No passo seguinte, em Roma, propinare já não se referia a esse ritual formalizado, mas simplesmente significava “convidar alguém para beber” e, mais tarde, “dar de beber a alguém, ministrar, servir”. É nesse sentido que o verbo aparece na fórmula de exorcismo do tempo do Papa Leão XIII, quando, dirigindo-se ao capeta, o exorcista ordena: “Cesse decipere humanas creaturas, eisque aeterna perditionis venenum propinare” — o que vem dar, em vernáculo, algo como “Deixa de enganar as criaturas humanas e ministrar-lhes o veneno da perdição eterna”. Aliás, é nesse mesmo sentido que nossos escritores do séc. XIX usaram o verbo propinar: “Há envenenamentos propinados por escravos” (Macedo); “Guardai-vos das Circes: prometem prazeres e propinam veneno” (Marquês de Maricá).

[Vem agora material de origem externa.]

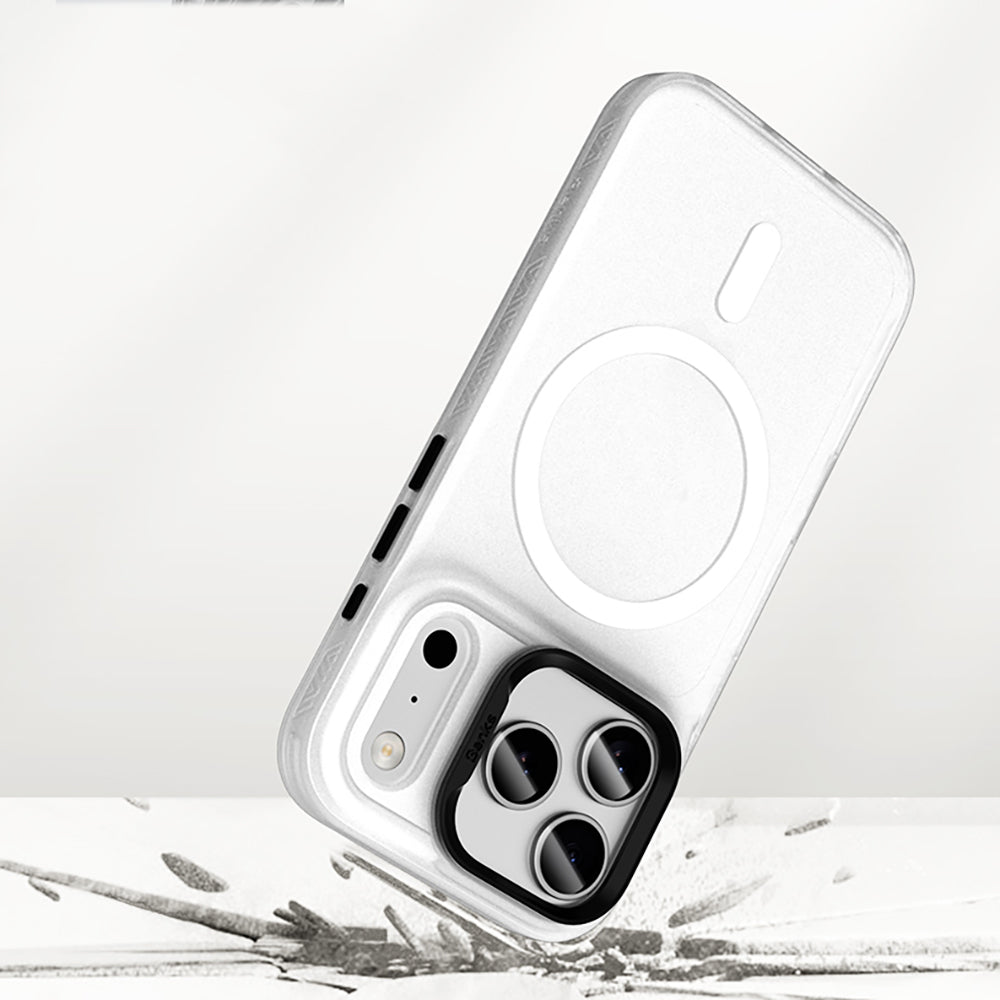 Benks Lucid Armor iPhone 17 M-safe Şarj Özellikli Telefon Kılıfı Benks Lucid Armor iPhone 17 M-safe Şarj Özellikli Telefon Kılıfı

No séc. XVIII, o vocábulo propina passou a ser usado para designar a bebida que se pagava a alguém para premiá-lo por um bom serviço prestado, prática que foi simplificada com a simples oferta da quantia correspondente. Nos países de língua espanhola, esse continua sendo o sentido preponderante do vocábulo; dá-se propina ao garçom, ao porteiro do hotel ou ao carregador de malas para recompensar sua eficiência ou sua boa vontade. No Brasil atual, no entanto, criou-se uma curiosa distinção entre o antes e o depois: essa gratificação por um serviço qualquer é chamada de gorjeta, enquanto propina passou a designar o dinheiro que o brasileiro dá antecipadamente a alguma autoridade corrupta para garantir a obtenção daquilo que ele deseja; como invariavelmente se trata de atos ilícitos, o funcionário corrompido cobra sua recompensa antes, para evitar possíveis calotes do corruptor. A classe dos que recebem propina vai ficando tão numerosa que aqui e ali já há indícios de um progressivo aperfeiçoamento da instituição, tais como a emissão de recibo, o registro das propinas auferidas na declaração do Imposto de Renda e o pagamento parcelado por meio de carnê.

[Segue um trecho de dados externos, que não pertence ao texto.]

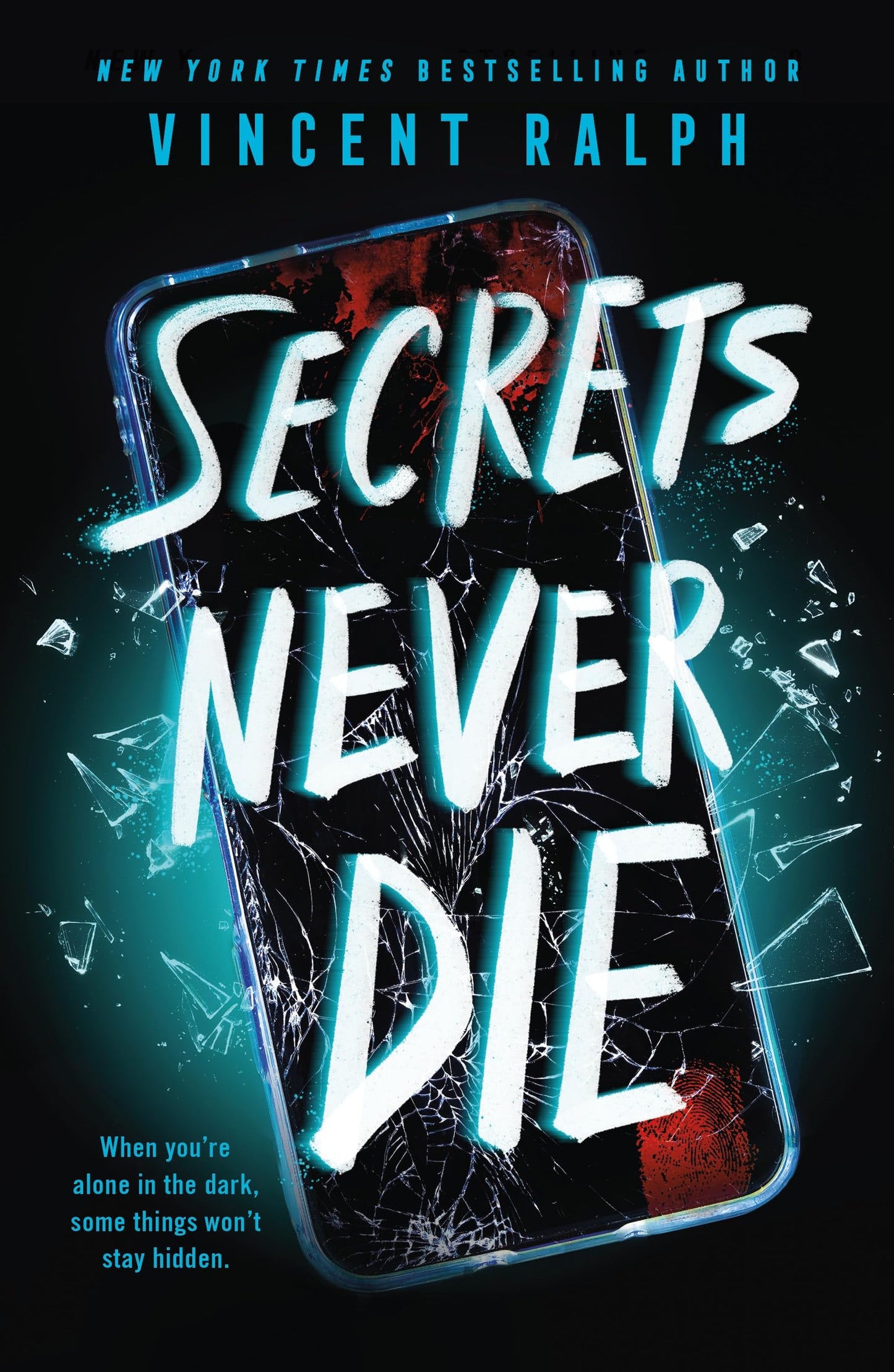 Secrets Never Die - 2860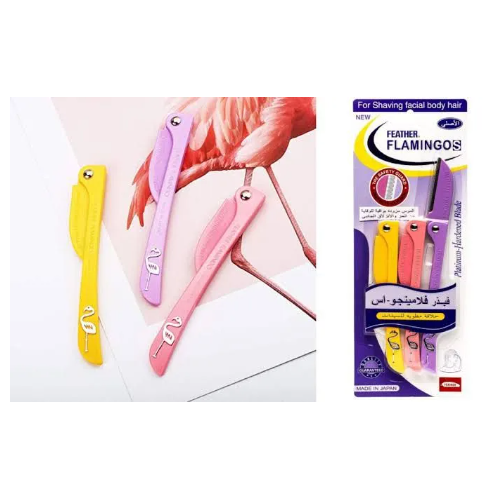 3-in-1 Facial Touch-Up Razor – Beauty Tools Accessories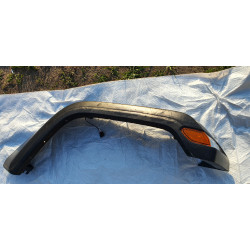 6AD70RXFAH Jeep Wrangler JL Front Right Fender Flare 2018-2024 68585260AA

Em Portugal, no entanto, propina adquiriu um significado totalmente diferente daquele que tem no Grego, no Latim, no Espanhol ou no PB (Português do Brasil); na terra de Eça e de Camilo Castelo Branco, o termo designa simplesmente as anuidades cobradas pelas faculdades e pelos colégios, sejam privados, sejam públicos (que também são pagos). Várias instituições de ensino divulgam, na internet, o seu “regulamento de propinas“; o estudante bolseiro (que nós chamamos de “bolsista”) está isento de pagar a propina; o Conselho de Reitores fixa o valor da propina — e assim por diante. Os estudantes que meu amigo encontrou nas ruas de Lisboa, portanto, protestavam contra o aumento das anuidades. Era só isso.